Cette fresque historique situe son action en Ulster durant la seconde moitié du XIXe siècle. Elle retrace le destin de trois familles dont les chemins s'entrecroisent, tissant des relations pétries de haine et de passion: des paysans catholiques travaillant dur pour arracher à la terre leur maigre subsistance, de riches aristocrates anglais orgueilleux, méprisants et cyniques, des ouvriers d’origine écossaise, descendants des colons presbytériens du XVIIe siècle.
Je connaissais peu de choses à l’histoire de l’Irlande et ce roman m’en aura beaucoup appris sur les terribles conditions de vie dans les campagnes irlandaises au cours de la grande famine des années 1840, sur l’exode forcé de millions de jeunes gens fuyant la misère, sur l’humiliation systématique de la population catholique, maintenue dans l’ignorance et les superstitions, sur la révolte contre l’occupant anglais et la prise de conscience nationaliste. Remontant à la conquête de l’Irlande par Cromwell au XVIIe siècle, l’auteur raconte comment les Anglais ont fait main basse sur le pays, confinant les Irlandais catholiques dans un statut de colonisés et les privant de tous leurs droits tandis qu’ils faisaient venir en Ulster des centaines de milliers de travailleurs écossais jugés plus dociles.
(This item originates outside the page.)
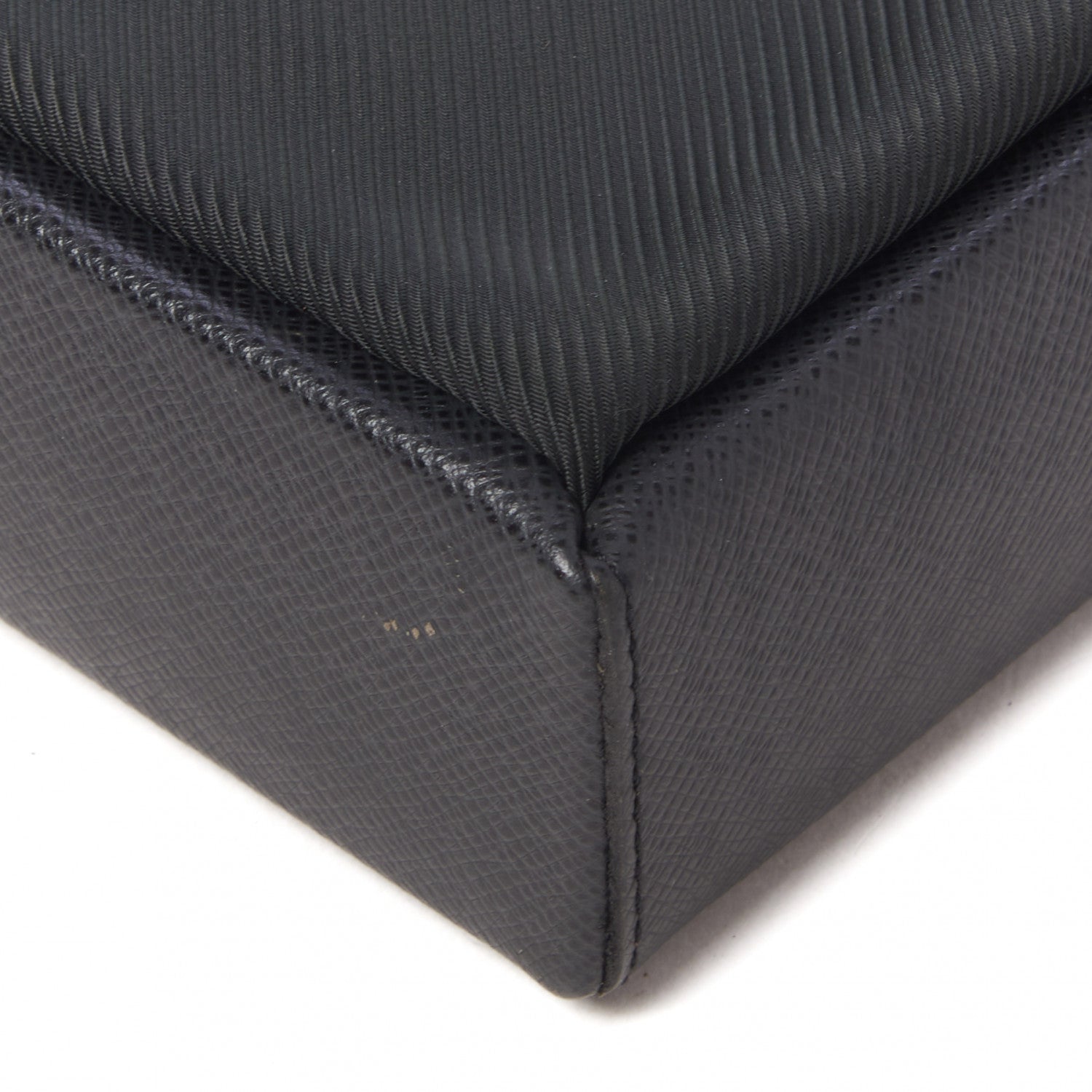 Louis Vuitton Taiga Sayan Epicea 5 of 8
Bref, une belle leçon d’histoire qui permet de mieux comprendre l’origine des haines et des tensions qui ont conduit les Anglais protestants et les Irlandais catholiques à s’entredéchirer jusqu’à la fin du siècle dernier.
Le revers de la médaille, ce sont ces longues digressions historiques plaquées sur l’intrigue principale et qui alourdissent le roman, freinant sa progression dramatique. Les personnages manquent parfois un peu de profondeur et de réalisme, leur manichéisme allant de pair avec une lecture orientée de l’histoire de l’Irlande. Reste que le roman nous permet de mieux appréhender les racines du conflit nord-irlandais qui faisait rage quand Leon Uris a écrit ce roman, quatre ans après le Bloody Sunday.